(Image-caption web data)
....

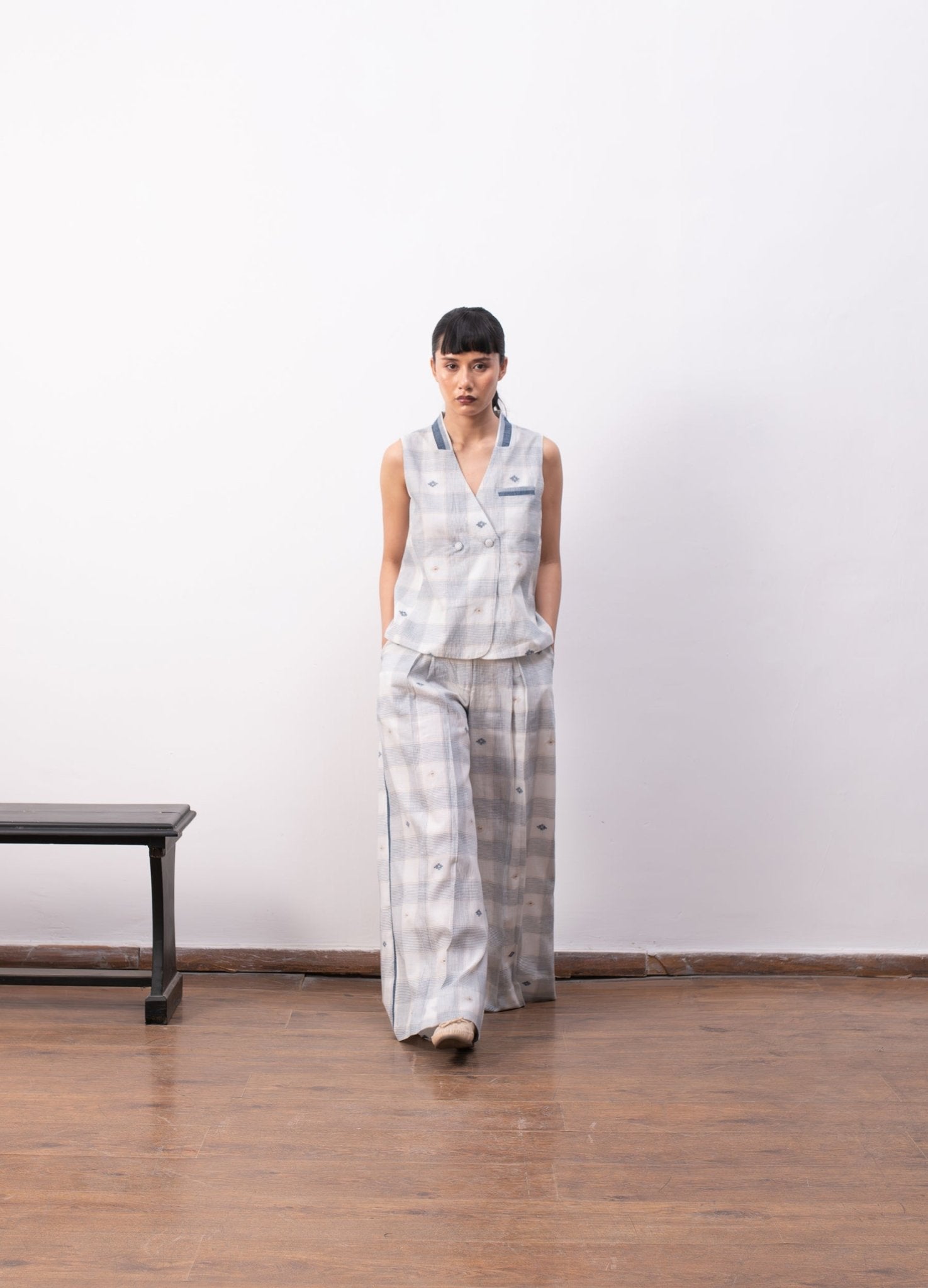 Hannah Co - ord - White & Indigo - CiceroniCo - ord SetHiranya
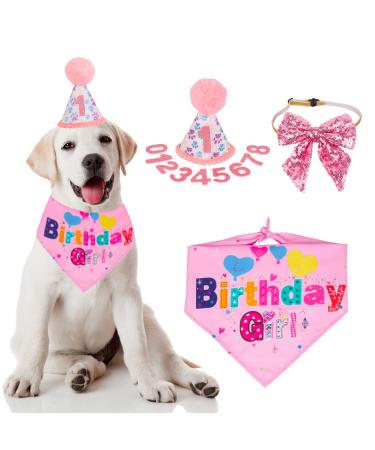 ADOGGYGO Dog Birthday Party Supplies, Boy Girl Dog Birthday Hat with Numbers Dog Puppy Birthday Bandana Hat Bow Set (Pink)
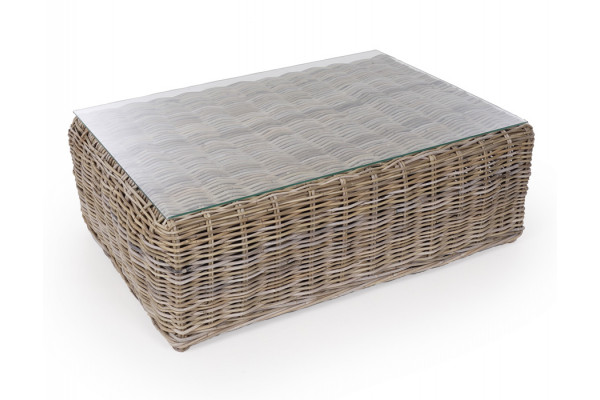 Kubu Sofabord m/glasplade - Naturrattan
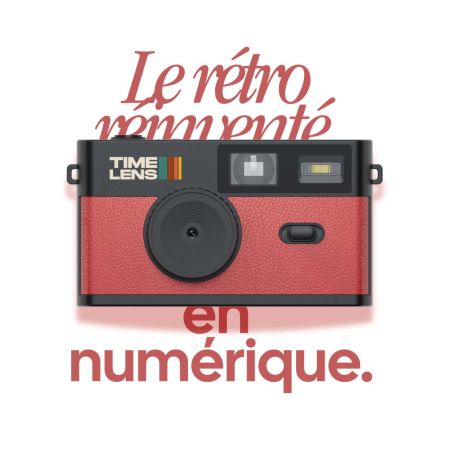 TimeLens Rouge Appareil Photo Numérique Vintage Sans Écran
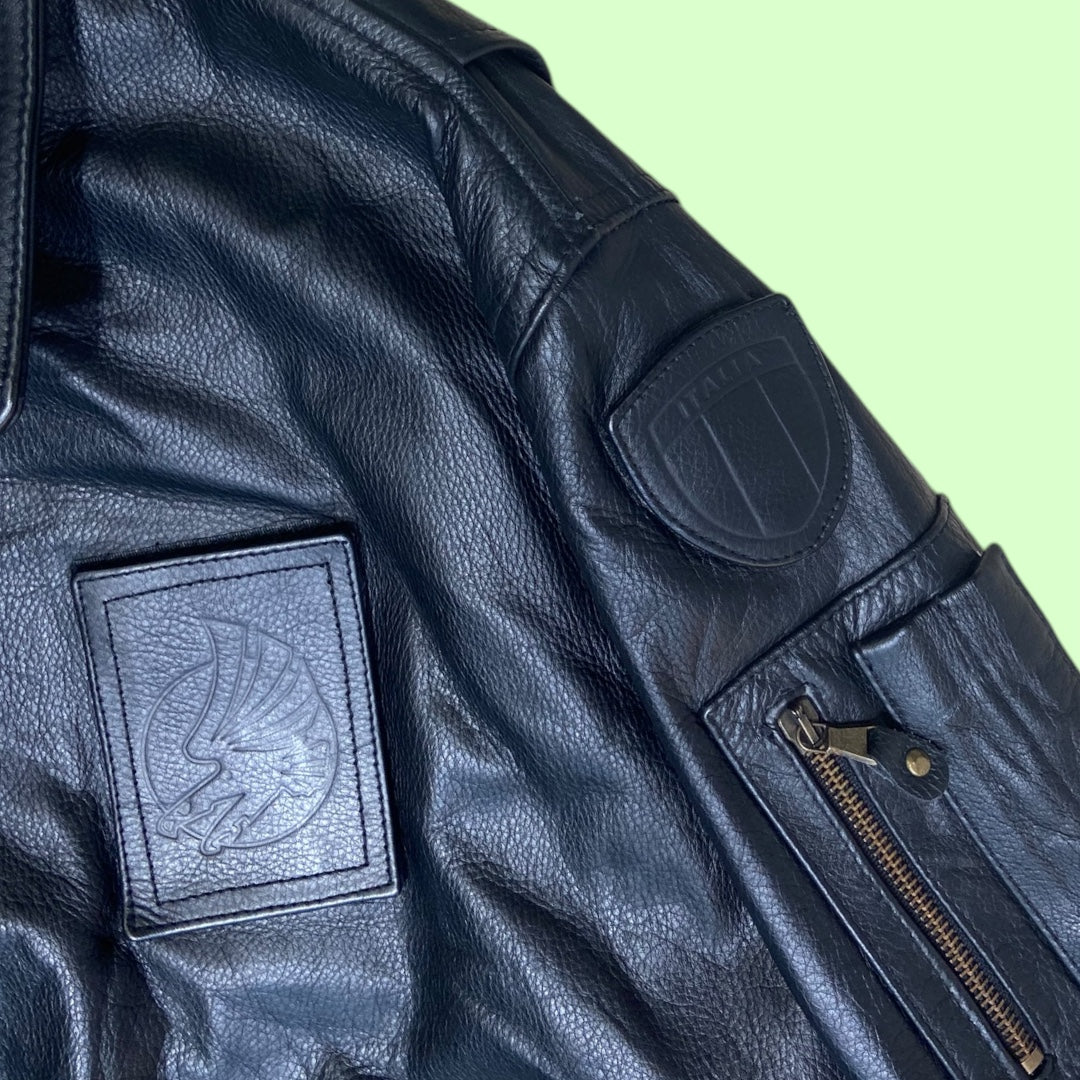 Vintage leather aviator jacket - L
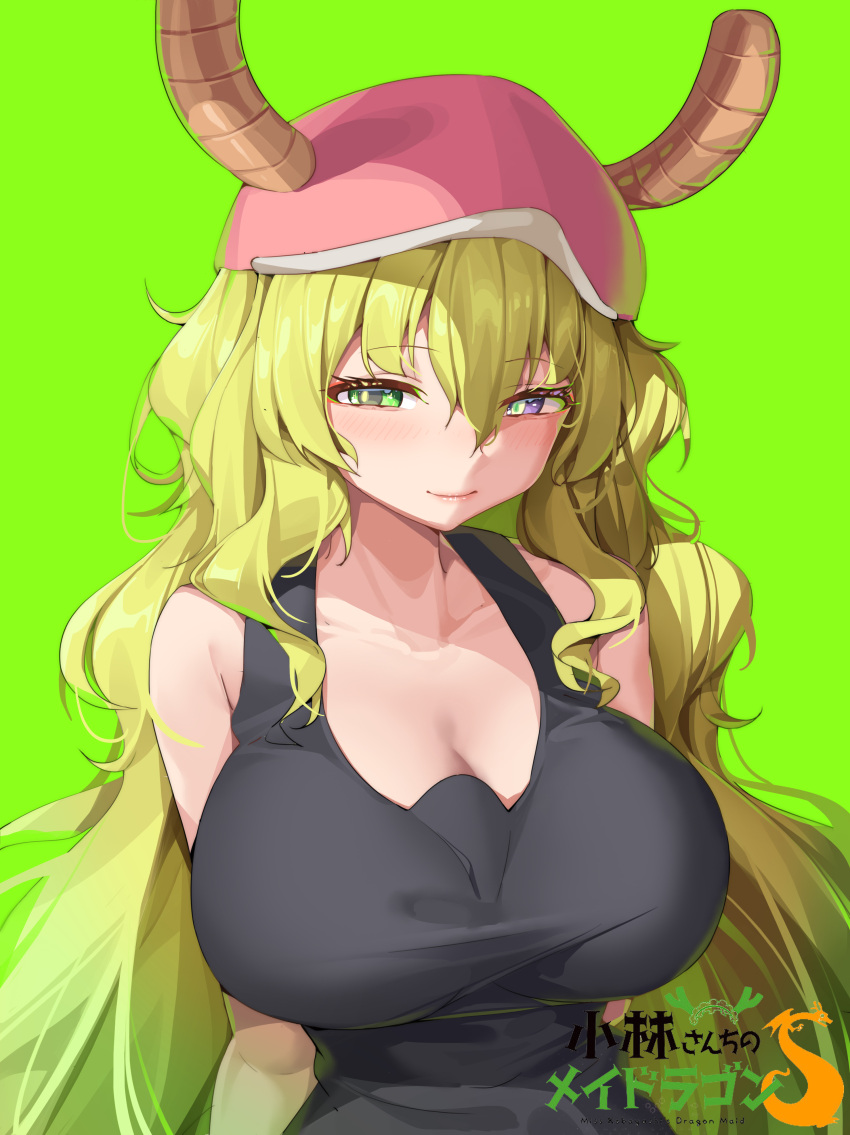 absurdres aiza-ku baseball_cap black_tank_top blonde_hair blue_eyes blush breasts dragon_girl dragon_horns female gradient_hair green_hair hat heterochromia highres horns horns_through_headwear huge_breasts kobayashi-san_chi_no_maidragon long_hair looking_at_viewer lucoa_(maidragon) multicolored_hair pink_hat smile solo tank_top unusually_open_eyes upper_body yellow_pupils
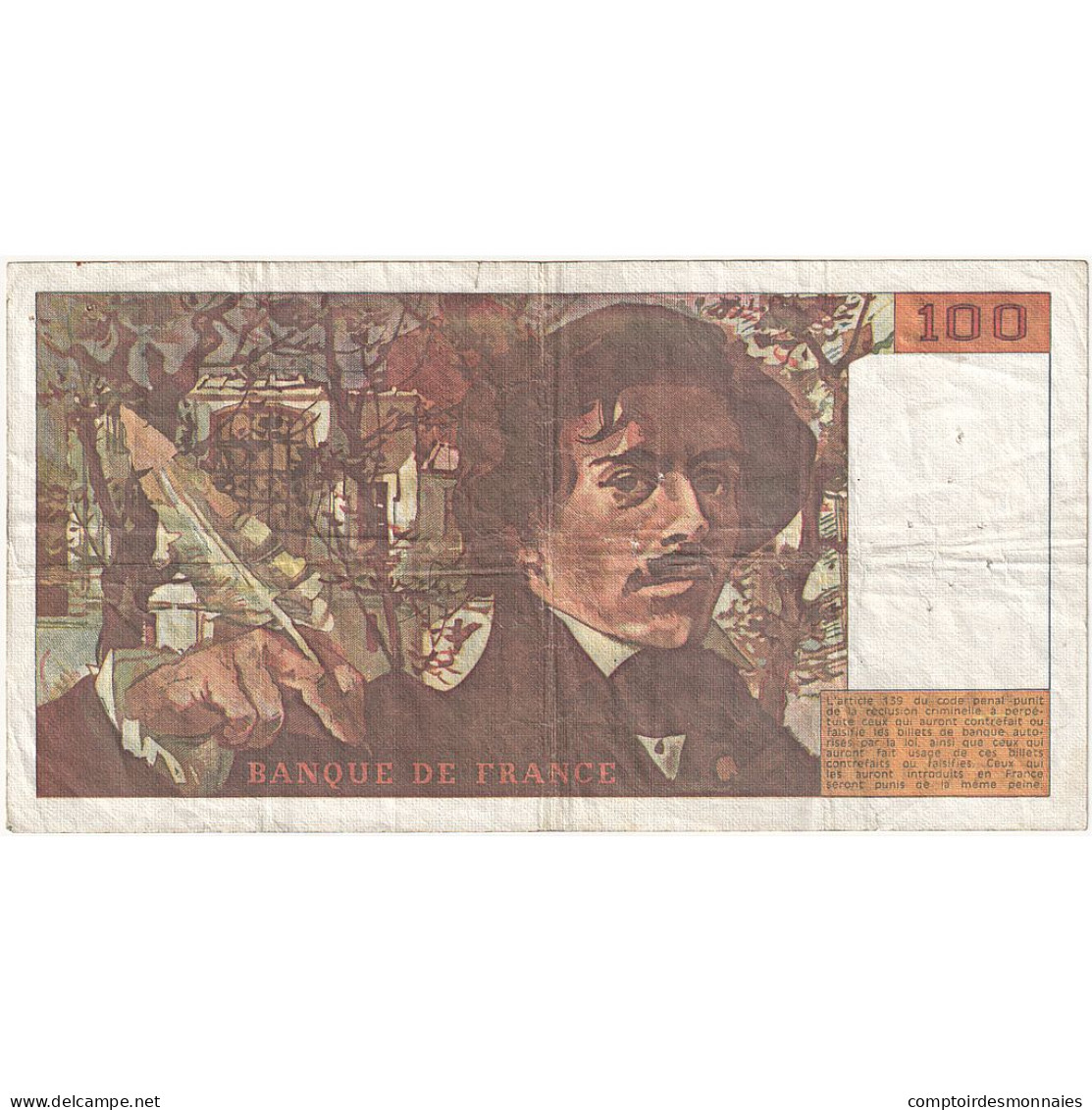 France, 100 Francs, Delacroix, 1990, C.138, TTB, Fayette:69bis.1a, KM:154d - 100 F 1978-1995 ''Delacroix''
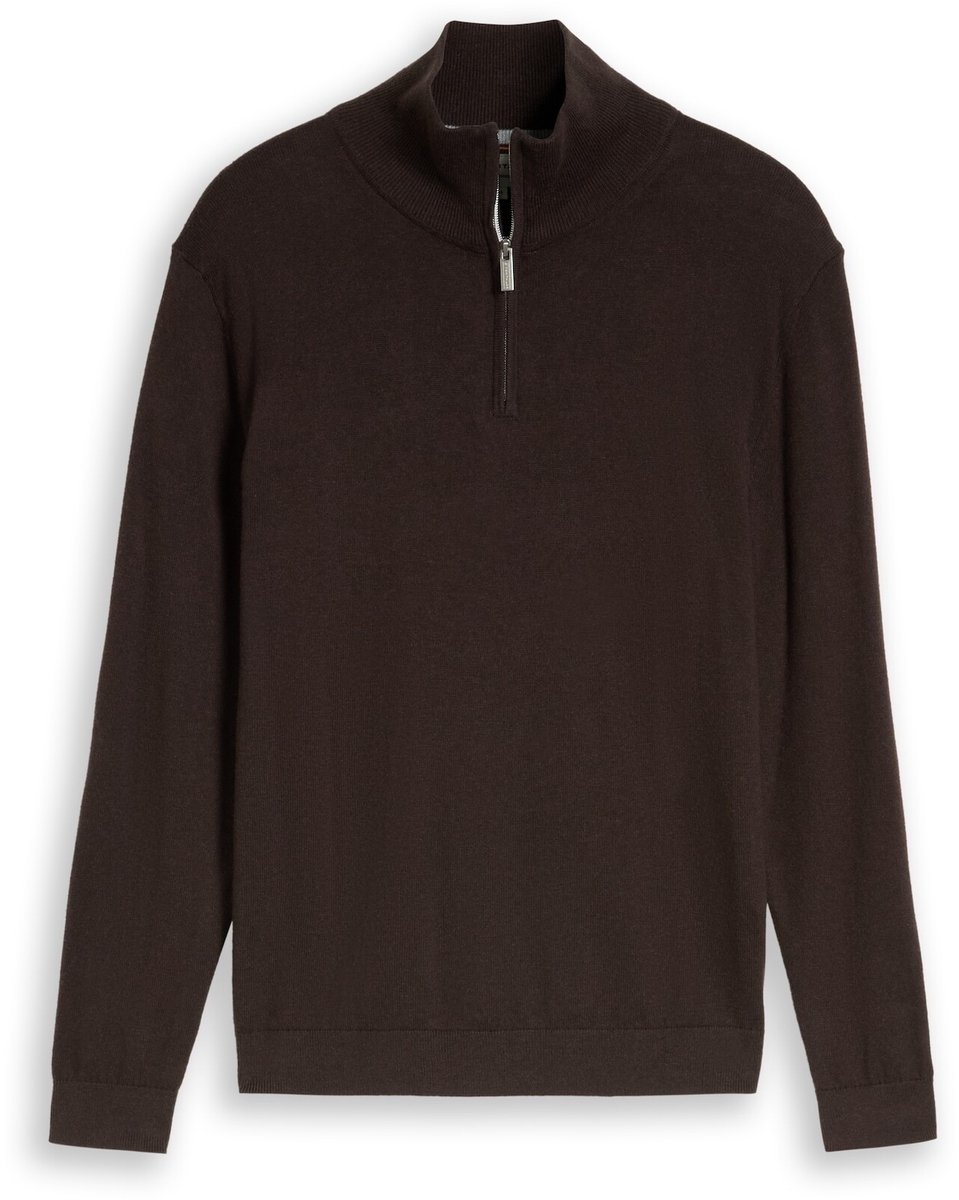 Tom Tailor - Troyer-trui met kasjmier - Maat XXL - dark chocolate brown melange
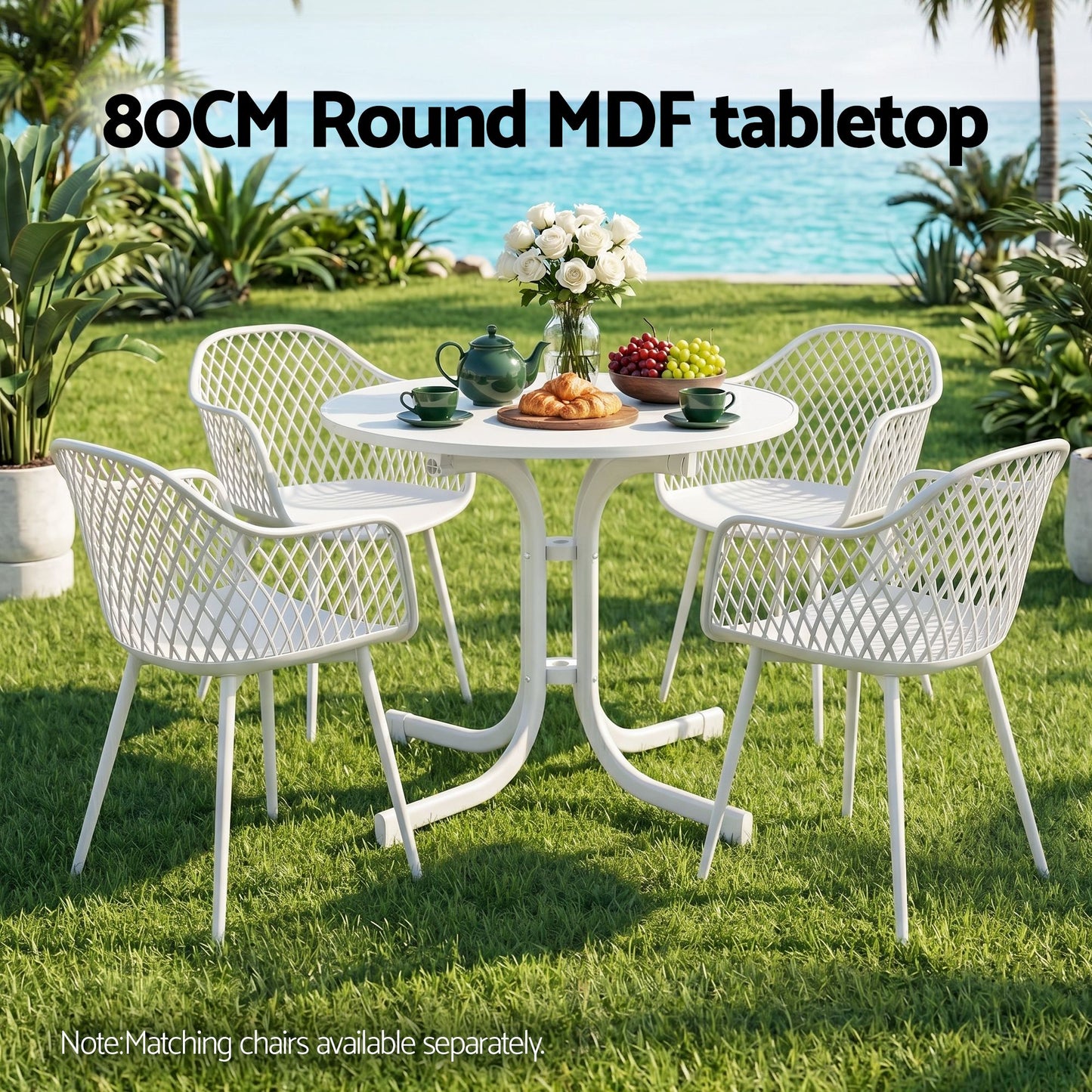 Gardeon Outdoor Side Table 80cm Folding Steel Round Bistro Desk Cafe Patio Furniture White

....

Exact reproduction of the entries above is what's needed; images stay out.

→ Task answer:
 Hannah Co - ord - White & Indigo - CiceroniCo - ord SetHiranya
 ADOGGYGO Dog Birthday Party Supplies, Boy Girl Dog Birthday Hat with Numbers Dog Puppy Birthday Bandana Hat Bow Set (Pink)
 Kubu Sofabord m/glasplade - Naturrattan
 TimeLens Rouge Appareil Photo Numérique Vintage Sans Écran
 Vintage leather aviator jacket - L
 absurdres aiza-ku baseball_cap black_tank_top blonde_hair blue_eyes blush breasts dragon_girl dragon_horns female gradient_hair green_hair hat heterochromia highres horns horns_through_headwear huge_breasts kobayashi-san_chi_no_maidragon long_hair looking_at_viewer lucoa_(maidragon) multicolored_hair pink_hat smile solo tank_top unusually_open_eyes upper_body yellow_pupils
 France, 100 Francs, Delacroix, 1990, C.138, TTB, Fayette:69bis.1a, KM:154d - 100 F 1978-1995 ''Delacroix''
 Tom Tailor - Troyer-trui met kasjmier - Maat XXL - dark chocolate brown melange
 Gardeon Outdoor Side Table 80cm Folding Steel Round Bistro Desk Cafe Patio Furniture White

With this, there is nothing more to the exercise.